Under the traditional employer-employee relationship, an employee working under a contract of employment benefits from the following rights:
Being paid at least the minimum wage
Rights under the Employment Rights Act 1996
Until recently, it has been the position that those working in the gig economy are not classed as workers and so do not benefit from such rights. However, the recent case brought against Uber by its drivers has proven to be a landmark case in recognising that such workers do have rights similar to employees under a contract of employment. The ruling by the Employment Tribunal means drivers are now classed as workers rather than self employed and entitled to holiday pay, paid rest breaks and the national minimum wage.
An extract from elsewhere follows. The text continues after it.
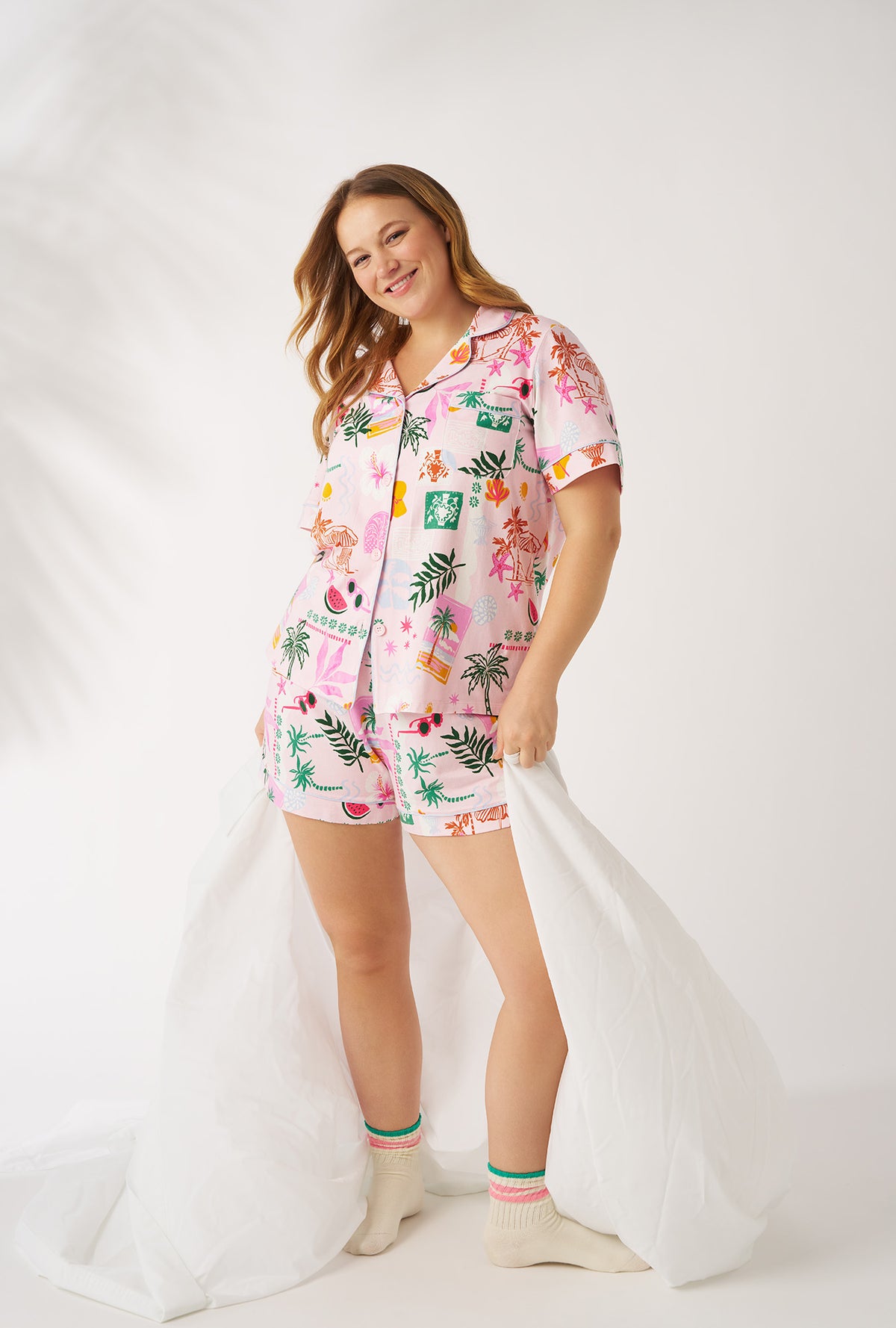 A Lady Wearing Plus Size Tropical Daydream Short Sleeve Classic Shorty Stretch Jersey Pj Set posing with a white fabric around the low hip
It is not yet clear what impact this will have on the thousands of people working in the gig economy.
As a result of the increased number of people working in the gig economy, the government has announced that it is due to launch a research project to reveal the scale of gig working and the reasons people take it up. The announcement follows the Prime Minister commissioning Matthew Taylor, the Chief Executive of the Royal Society of Arts, to review the impact of these new business models. The Taylor Review into Modern Employment Practices has announced that they will travel the country talking to employees about the UK’s labour market. It is not known when the review is due to commence but is expected to take 6 months.